╭─ DATA FOR THIS EXERCISE

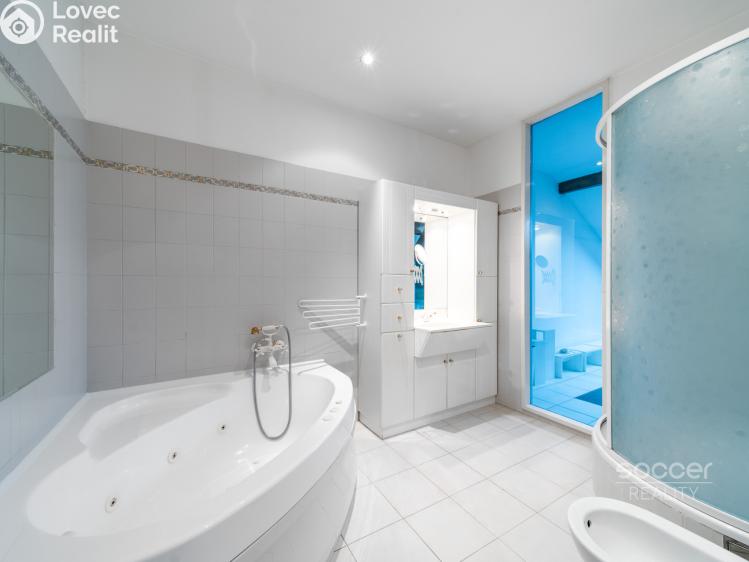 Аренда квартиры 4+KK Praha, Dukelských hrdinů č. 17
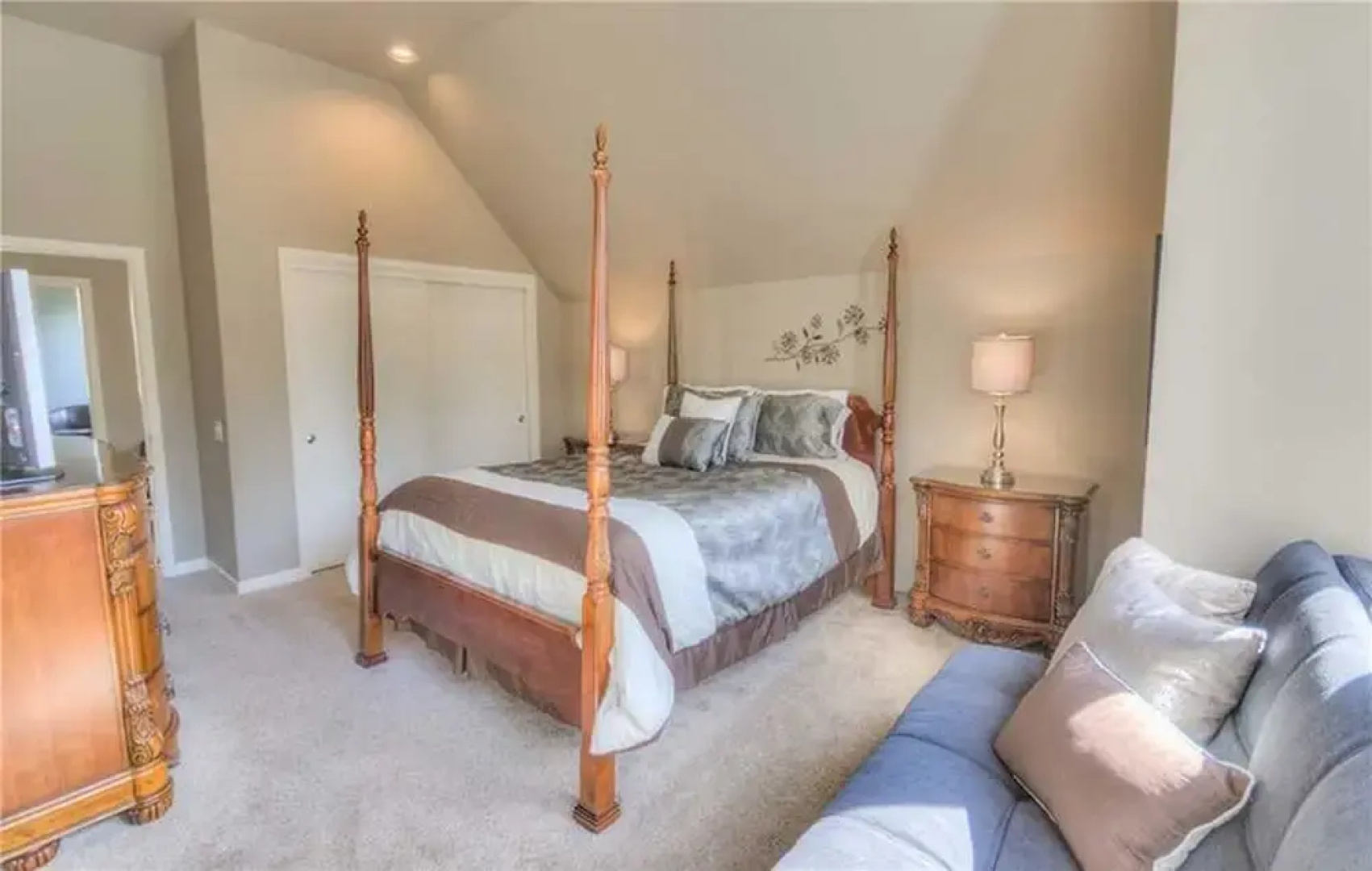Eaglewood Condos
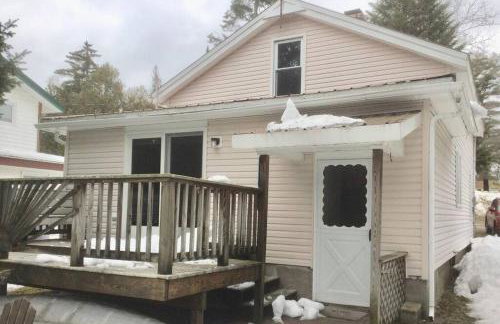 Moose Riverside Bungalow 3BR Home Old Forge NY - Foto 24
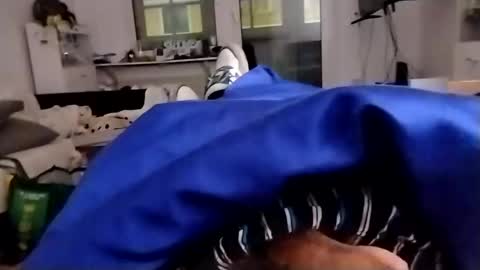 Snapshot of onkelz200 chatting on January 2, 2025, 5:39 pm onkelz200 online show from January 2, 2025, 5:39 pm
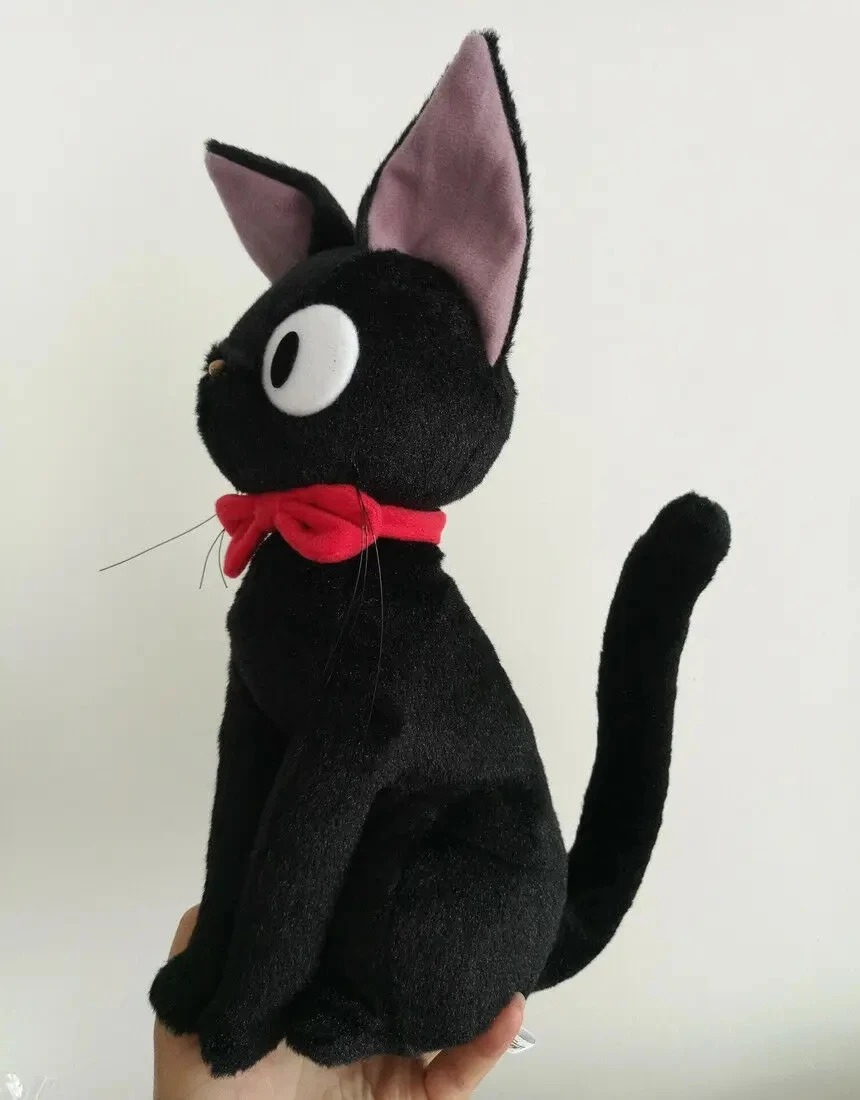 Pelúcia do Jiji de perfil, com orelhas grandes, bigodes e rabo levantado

╰─

▶ [WORK REQUIRED]
In the copy you write, the data above must appear exactly, with no pictures.

▶ [EXERCISE RESPONSE]
 Аренда квартиры 4+KK Praha, Dukelských hrdinů č. 17
Eaglewood Condos
 Moose Riverside Bungalow 3BR Home Old Forge NY - Foto 24
 Snapshot of onkelz200 chatting on January 2, 2025, 5:39 pm onkelz200 online show from January 2, 2025, 5:39 pm
 Pelúcia do Jiji de perfil, com orelhas grandes, bigodes e rabo levantado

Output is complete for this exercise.